CHICAGO, March 10, 2014 – IFP/Chicago invites you to spend some time with acclaimed actor/director Dylan Baker on Sunday, March 16 at the Claudia Cassidy Theater in the Chicago Cultural Center (78 E Washington St, Chicago, IL 60602). “75 Minutes with Dylan Baker” is the latest edition of IFP/Chicago’s series of conversations with the well-known and emerging directors, screenwriters and technical experts of independent cinema. Doors open at 10:30AM with the discussion beginning at 11:00AM. The event is free and open to the public.
IFP/Chicago’s “75 Minutes With …” series has previously featured such filmmakers as John McNaughton, Neil LaBute, Rose Troche and Harold Ramis. These intimate talks engage both filmmakers and film enthusiasts alike, providing behind-the-scenes reflections and personal insights about the filmmaking process. Join IFP/Chicago for a thoughtful discussion with Mr. Baker, sharing his first-hand stories about the challenges and rewards of independent filmmaking.
Dylan Baker’s performance as Bill Maplewood in Todd Solondz’s controversial 1998 film “Happiness” was highly praised by critics and remains one of his best known roles. On television, Mr. Baker was twice nominated for an Emmy for his portrayal of Colin Sweeney on CBS’s “The Good Wife.” For the theater, Mr. Baker has directed dozens of productions for such institutions as the Williamstown Theatre Festival, the Blue Light Theater, the Chautauqua Theatre Company and the Shakespeare Theater of New Jersey. Under his direction, “The Torch-Bearers” for the Drama Department received the Lucille Lortel Award for Best Revival. Most recently, Mr. Baker appeared in movie theaters as producer Freddie Shapp in “Anchorman 2: The Legend Continues” and on TV screens as Dr. David Arata on both of NBC’s hit dramas, “Chicago Fire” and “Chicago PD.” The 2014 independent feature “23 Blast” marks Mr. Baker’s feature directorial debut.

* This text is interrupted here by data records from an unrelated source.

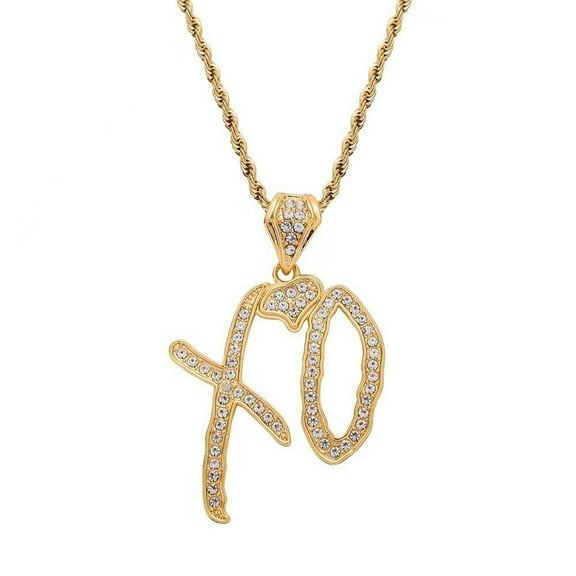 2026 New XO Letter Pendant Necklace Hop Jewelry for Men Women Fashion Accessories Trendy Alloy Chain Statement Piece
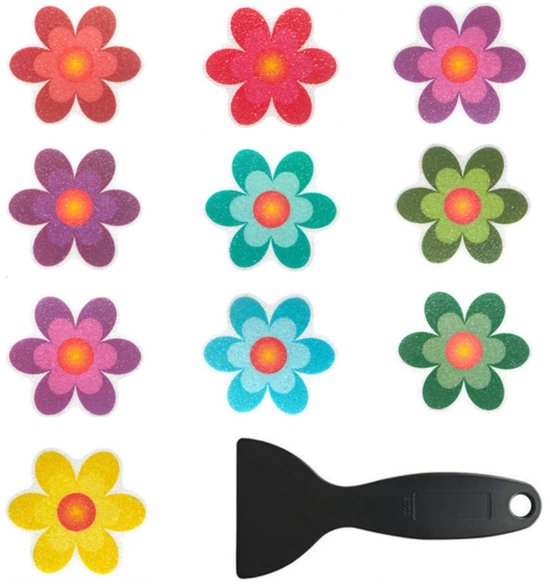 LATRAT Zelfklevende zelfklevende stickers, bloemen, antislip, voor badkuip, trappen, douches, gladde oppervlakken, 10 stuks van Merkloos	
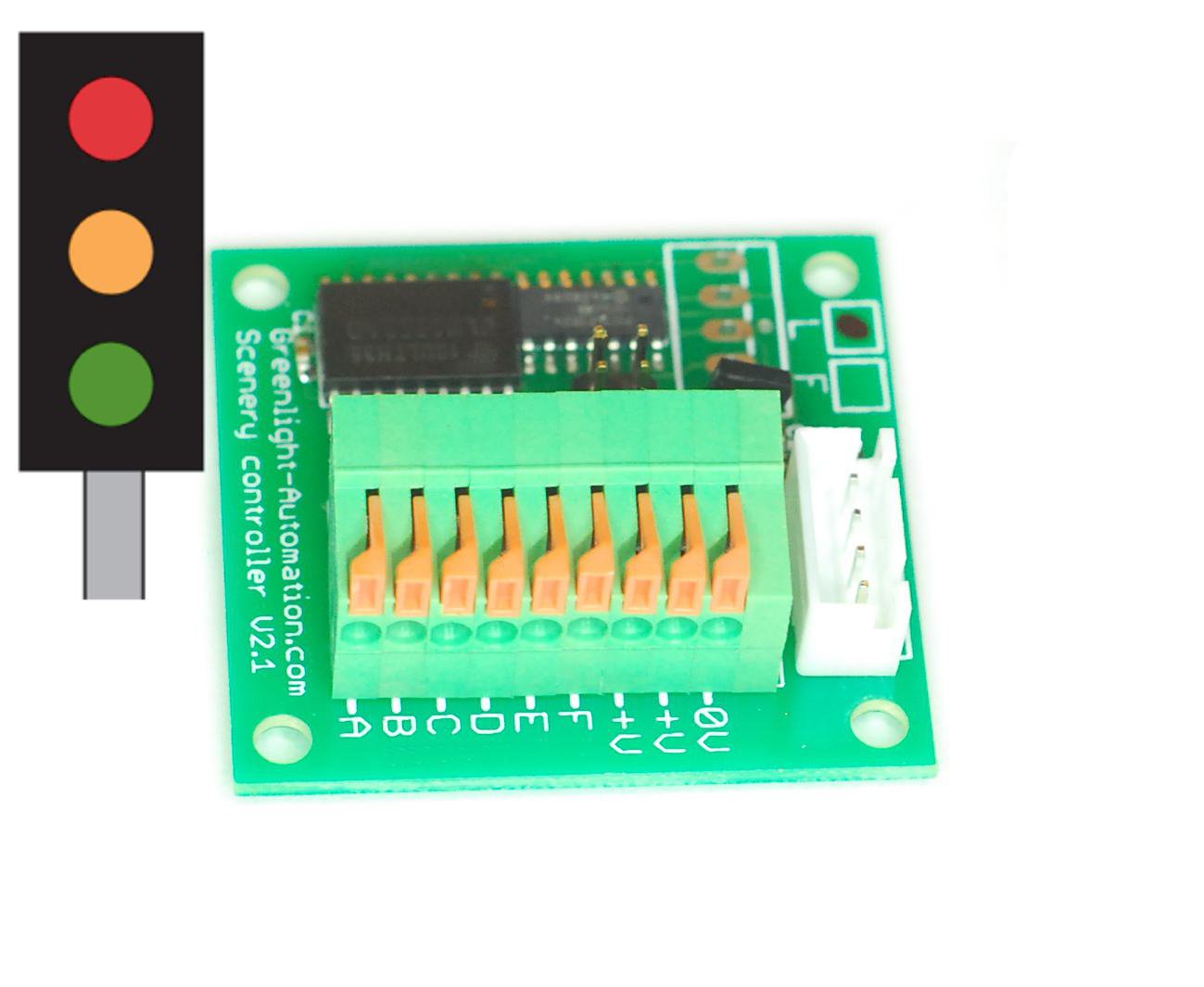 Model Railroad LED traffic light controller module for O, HO, N gauge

“We are delighted to spend 75 Minutes With Dylan Baker on March 16,” says “75 Minutes With …” IFP/Chicago president Carrie Holt de Lama. “Dylan’s range of work embodies much of the philosophy of IFP/Chicago – fearless filmmaking featuring daring characters and unique stories. We’re looking forward to hearing about his career and his unique personal approach to filmmaking.”